I let out an involuntary groan of disappointment as soon as the curtain went up on Nicholas Hytner's production of Henry V. The opening scene is set in what's clearly supposed to be the Cabinet Room of 10 Downing Street and, sure enough, Adrian Lester comes strutting on in a grey, double-breasted suit, the very image of Tony Blair. "Oh no," I thought. "This is going to be one of those 'iconoclastic' versions of Henry V in which Shakespeare's patriotism is turned on its head. Instead of a celebration of England's greatest military victory we're going to be subjected to an attack on Blair's role in the war in Iraq."
I did my best not to rise to the bait. So what if Hytner's taken one of the sacred texts of British patriotism and turned it into a piece of left-wing agitprop? There's nothing new in that, I told myself. Michael Bogdanov staged a similar production of Henry V in the 80s in which he attacked Margaret Thatcher's Falklands campaign. In any case, Hytner's just posing as an anti-war protestor in order to provoke outrage, not because he actually believes in any of this crap. He's a professional controversialist, not a committed lefty, and if I work myself up into a state I'll just be playing his game. I held my breath and counted to ten.
But it was no good. By the end of the evening I'd been reduced to a spluttering, eye-popping rage.
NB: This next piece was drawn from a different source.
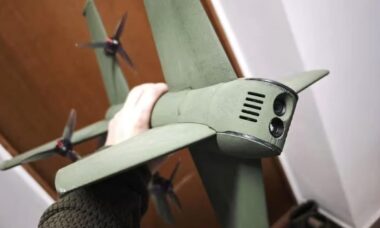 Drone russo com inteligência artificial demonstra alta eficiência em combate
How dare he stage such an unpatriotic production of Henry V in the Royal National Theatre, I wanted to know? You wouldn't catch the French doing anything like that. And why attack Tony Blair when Saddam Hussein was so much worse? Why not a production of Macbeth set in Baghdad with Saddam as the Scottish tyrant? Heaven forbid that one of Britain's enemies should be attacked in our National Theatre rather than one of our leaders. To top it all, it was being staged in the Olivier. What would Laurence Olivier make of this production when his own film version was so heart-stoppingly patriotic? Spinning in his doublet, no doubt.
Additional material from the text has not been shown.